──────── Supplied records ────────

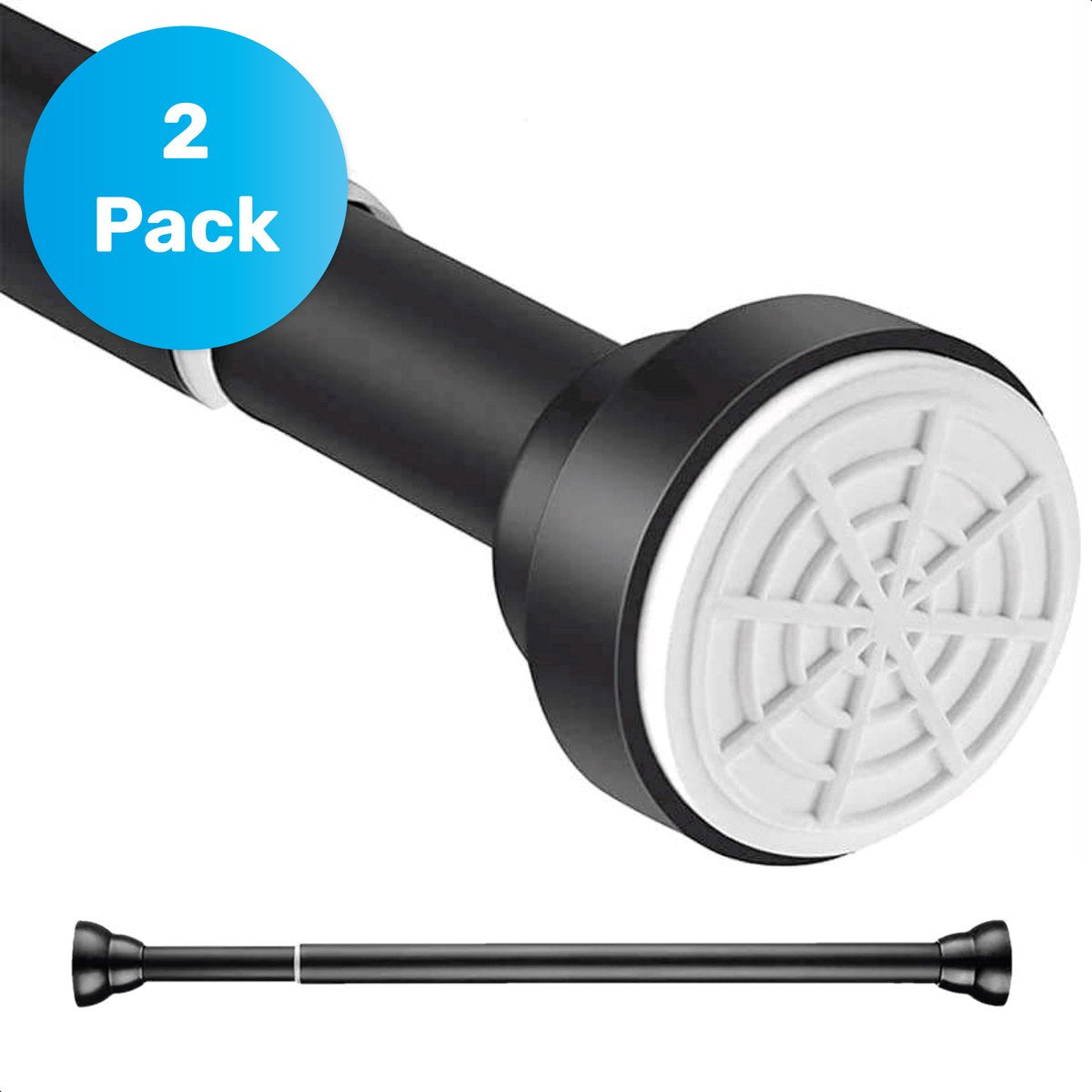 Gordijnroede - 2 pack - Zwart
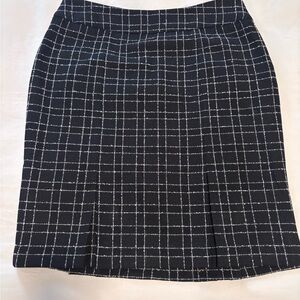 Kasper Black and White Checkered Pencil Skirt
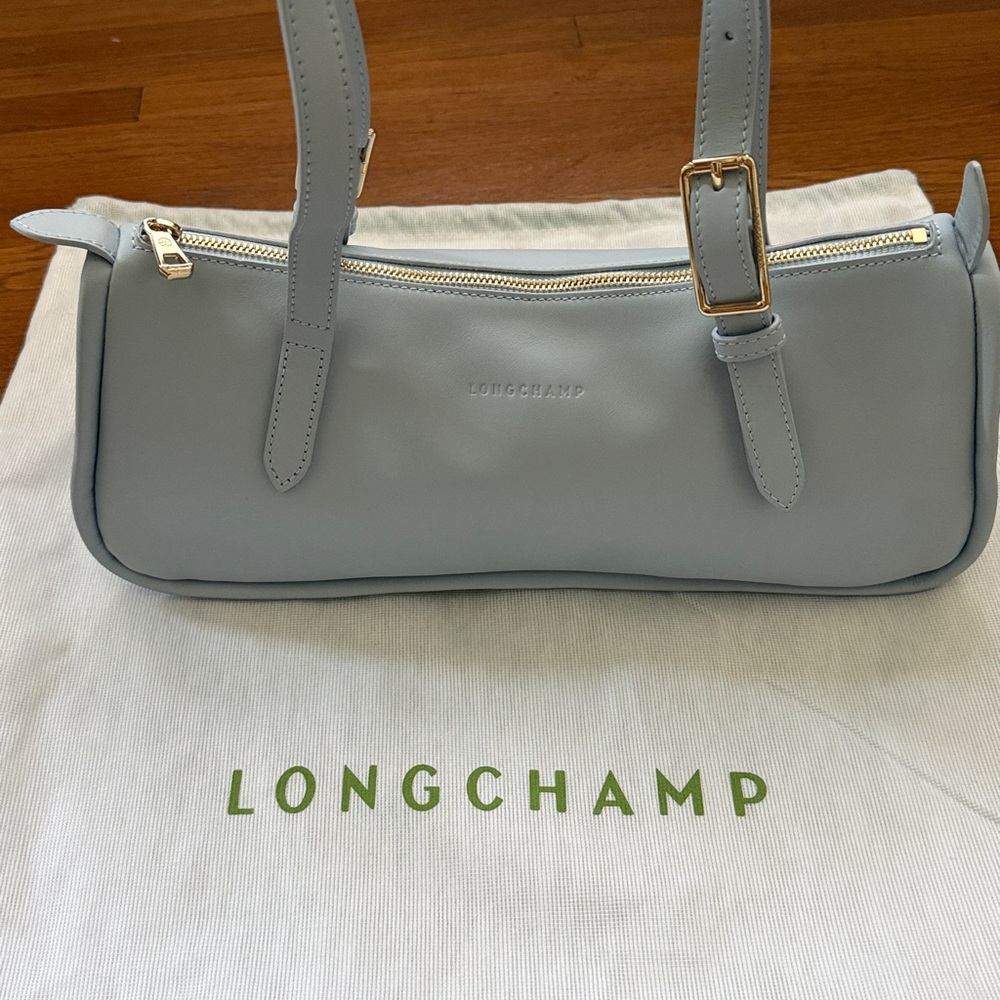 NWOT Longchamp Looong L Shoulder Bag Sky Blue - Picture 5 of 7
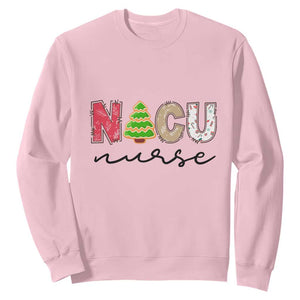 Funny NICU Labor Delivery Nurse Christmas Christmas Tree Sweatshirt TS11 Light Pink Print Your Wear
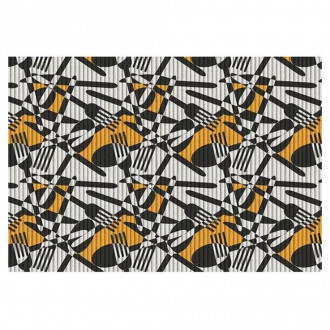 Tapete Antiderrapante Tropical Talheres Abstratos 43cm x 65cm Kapazi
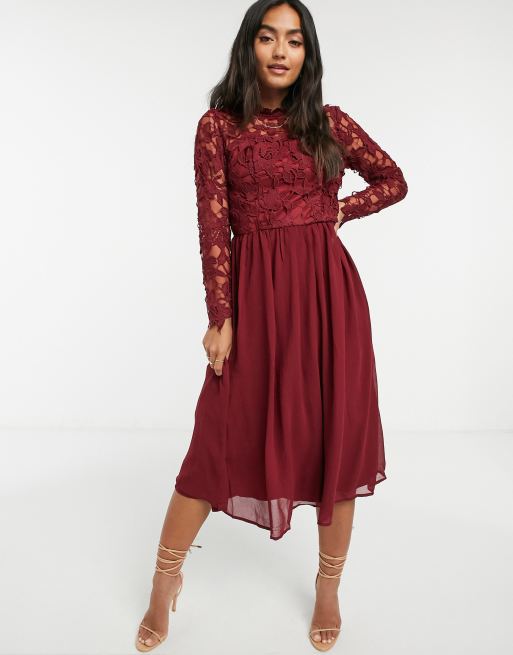 Chi Chi London lace long sleeve midi dress in burgundy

────────

* Task goal:
Set down the lines of the records above exactly, apart from the pictures.

* Response for this exercise:
 Gordijnroede - 2 pack - Zwart
 Kasper Black and White Checkered Pencil Skirt
 NWOT Longchamp Looong L Shoulder Bag Sky Blue - Picture 5 of 7
 Funny NICU Labor Delivery Nurse Christmas Christmas Tree Sweatshirt TS11 Light Pink Print Your Wear
 Tapete Antiderrapante Tropical Talheres Abstratos 43cm x 65cm Kapazi
 Chi Chi London lace long sleeve midi dress in burgundy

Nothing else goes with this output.